Variables
Extraneous variables - (nuisance) variables which may affect the DV that are not the IV.
Examples of extraneous variables: Age of participants, Background noise, Differences in memory.
Confounding variables - difference between the conditions of the experiment that is not in the IV and likely to affect the DV.
Examples of confounding variables: If all people in one condition happen to have a better memory than the people in the other condition. If the testing material in one condition is easier than in the other. If there are huge distractions in one condition but not the other.
Participant variables - individual differences between the participants.
Examples of participant variables - Personality, Age, Gender, Motivation, Intelligence, Concentration.
Situational variables - differences in the situation/ way participants are tested.
Examples of situational variables - Background noise, Time of day, Temperature of room, Weather outside.
Demand characteristics - When participants try to work out what’s going on in the experiment and change their behaviour according to what they think the researcher wants/ doesn’t want. This lowers the ecological validity of the study as their behaviour is no longer natural.

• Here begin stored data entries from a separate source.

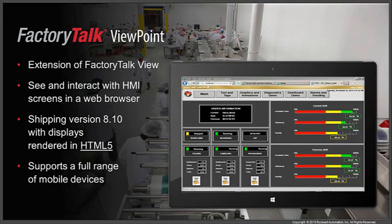Factory Talk Viewpoint is an extension to Factory Talk View that lets users see and interact with their existing HMI screens using just a web browser. This includes both Machine Edition and Site Edition versions of Factory Talk View projects. As of our 8.10 release, the displays are rendered using HTML5 technology, which allows us to extend support beyond the desktop browser and onto your favorite iOS and Android devices.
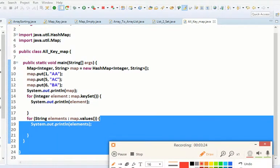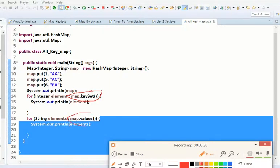By using this method keySet, we are getting all key values. Here we are using method values. We can get all values.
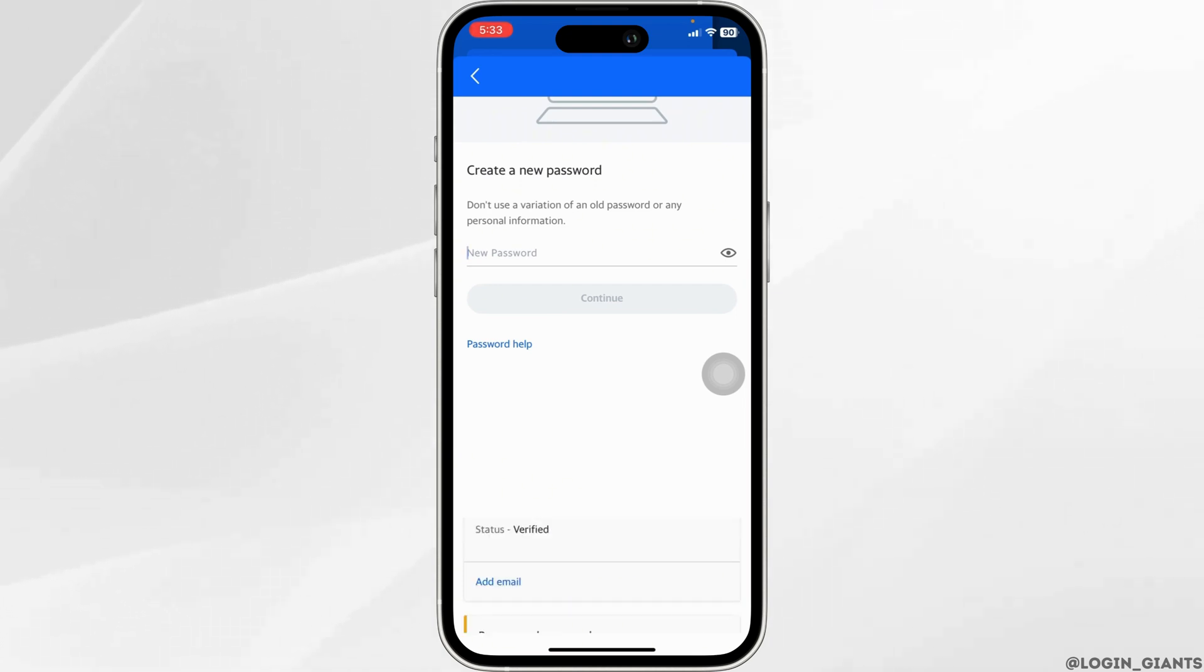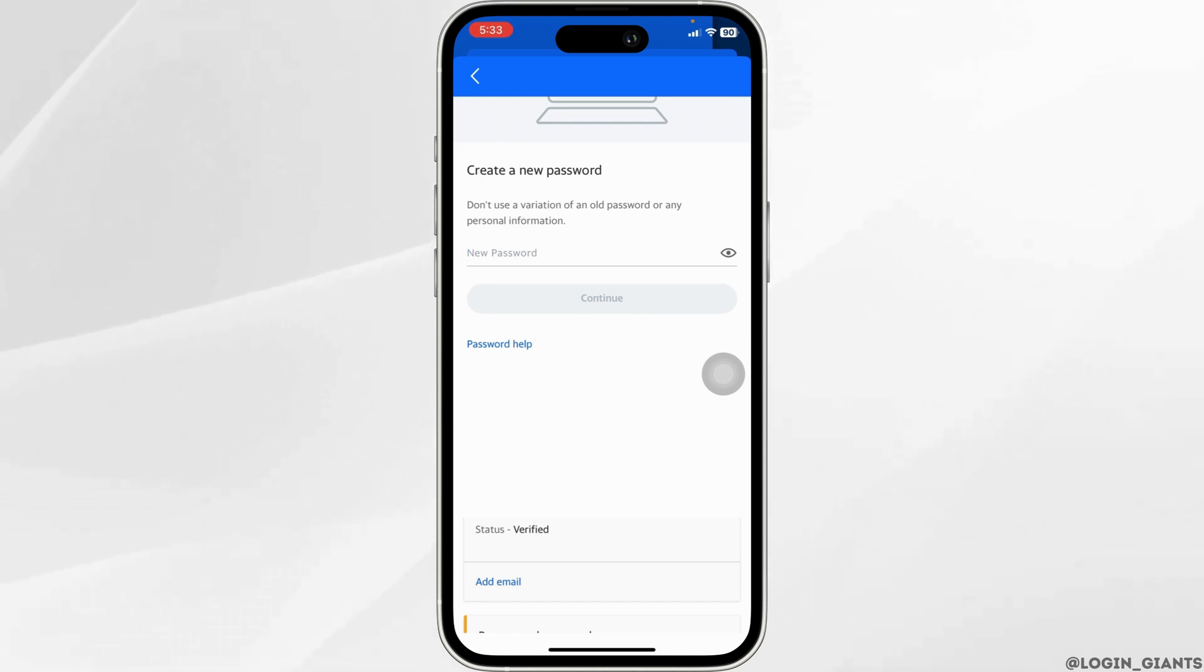So right now within AOL Mail app there is no such option to find the password. If in the future AOL Mail app comes up with this kind of feature I'm gonna definitely update you guys.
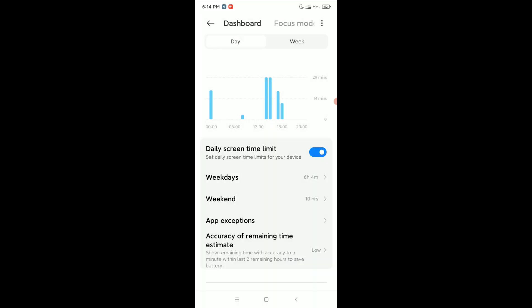And in this way you can set a screen time limit in your Android device. Hope guys this video can help you. Don't forget to like and subscribe to my channel.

Please-you effect - A participant changes their behaviour to suit what they think the researcher wants, to ‘help’ them.
Screw-you effect - A participant changes their behaviour to the opposite of what they think the researcher wants, to ‘screw them over’.
Investigator effects - Any unwanted influence of the investigator on the DV. It is usually unintentional; it may happen because of the way the experiment is carried out or in the way it was designed (which participants were selected etc.).
Standardization - ensuring the procedures used to test the participants are the same for all variables. We want the IV to be the only thing that varies!
Randomization - When the researcher does not choose something themselves and every potential option has an equal chance of happening.
Reliability - refers to the consistency of the results of the research (if it was replicated would it likely produce the same results?)
Validity - Refers to whether something is truely testing what it is intended to test.